That has allowed Wade, clearly the Heat's best player, to go off for 78 points in two games as Miami has evened the series.

There is the Legend of Shaq at work. To the point that Avery Johnson is screwing up the Mavericks' chances of winning the Finals.

All Avery need do is look at Shaq's statistics.

He peaked out in 1999-2000, when he led the Lakers to the first of their three-peat run of titles.

Back then, he was everything he advertised himself to be. He was in shape for perhaps the only time in his career, and really could take over games when the mood struck him. That was the season he put up 61 on the Clippers on his birthday. Because he felt like it.

He averaged 29.7 points and 13.6 rebounds during the regular season, and amped it up in the playoffs.
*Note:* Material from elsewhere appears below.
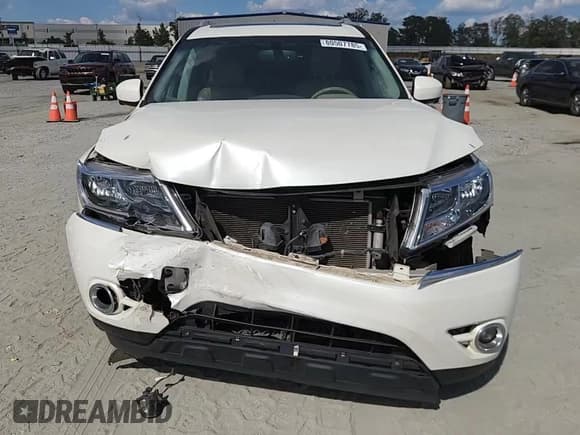 ✅ 2015 Nissan Pathfinder Platinum • VIN: 5N1AR2MN1FC705727 • Lot: 80507785. Wystawiony na Copart z przebiegiem 135 250 mil. Bezpłatny archiwum sprzedaży aukcyjnych z USA i szczegółowy raport historii pojazdu na DreamBid. Zdjęcie 14.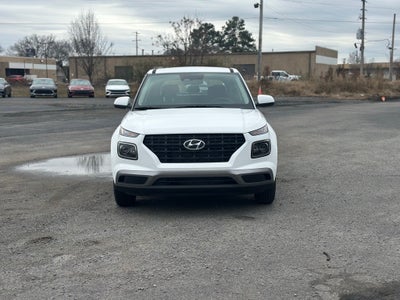 2026 Hyundai VENUE SE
He nuked the opposition in every Game 1 of the postseason, going for 46 vs. Sacramento, 37 vs. Phoenix, 41 vs. Portland, 43 vs. Indiana. He was the NBA version of Shock and Awe.

He hasn't cracked 20 points yet in this series. Which comes after his least impressive season.

While a basketball nation still worships at O'Neal's feet and still carries verbal tribute to his altar, he just finished a regular season in which he had career lows in scoring (20.0), rebounding (9.2), minutes (30.6) and assists (1.9) and second-to-career-lows in free-throw shooting (46.9 percent) and blocked shots (1.8 per game).

Of course he is 34 now, chubby, slow and ground-bound. He can't dominate more than a few minutes at a time. Even though we continue to hear reports about how ``Shaq is mad and is going to take over'' this or that game.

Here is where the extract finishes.